SOLOMON: Nonetheless. Nic Robertson live for us there at 10 Downing Street as we continue to wait for U.S. President Joe Biden's arrival. Thank you, Nic. Well, back here in the U.S., at least, one person has died in New York's Hudson Valley, this is after historic rainfall triggered flash-flooding across the state. Look at this video turning roadways into rivers, prompting a state of emergency.

Vermont's governor meantime also declaring an emergency ahead of even more storms threatening New England this morning. Meantime, dangerous triple-digit temperatures continue in the south. Let's bring in meteorologist Derek Van Dam. Derek, look, a lot of severe weather in lots of parts of the U.S. What are you watching?

DEREK VAN DAM, METEOROLOGIST: OK, so we're focusing on Vermont today for the heaviest of rainfall, and we'll get to that in just a moment. But first, we have to show you some of the images coming out of the Hudson Valley.
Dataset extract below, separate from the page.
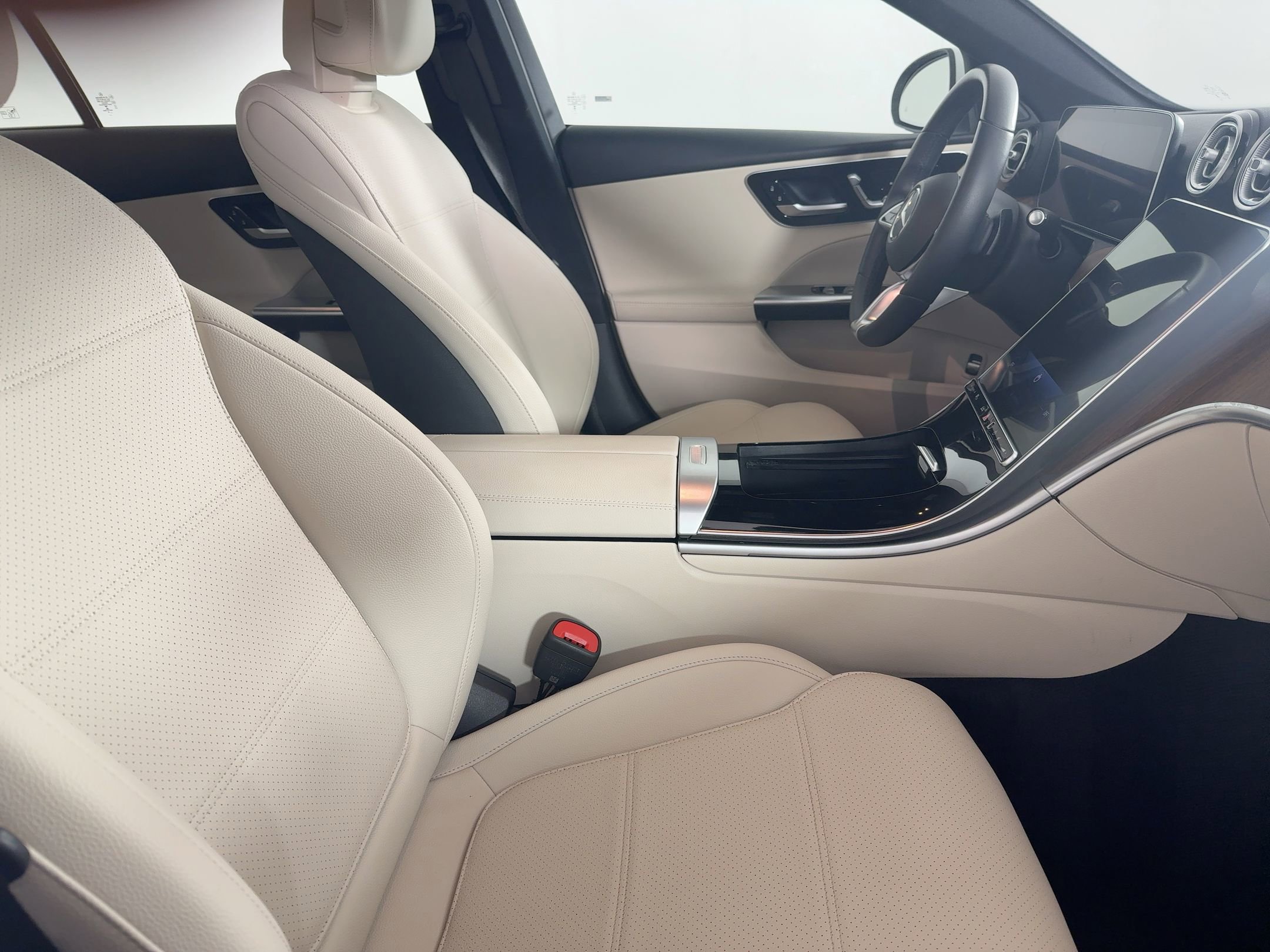 Used 2023 Mercedes-Benz C 300 C 300 image 47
This is across certain sections of New York, just as you said, roadways turned into rivers as just too much rain fell in such a short period of time.

In fact, we had a nearly 1 in 1,000-year event occur in West Point, New York, with just under 8 inches of rain in less than 24 hours. And what is the likelihood of something like this happening in any given year, while only a 0.1 percent, percentage point is the likelihood of an event like that with that much rain in a short period of time in that particular location?

Other locations all seeing over half a foot of rain, you can see into the West Lawn area, but there it is, the high risk that we're monitoring very closely, that shading of purple, that is from the Weather Prediction Center with a high risk of excessive flash flooding. And that includes the city of Burlington. So, into northern sections of Vermont, northern New England, that's where we have ongoing flash flood warnings.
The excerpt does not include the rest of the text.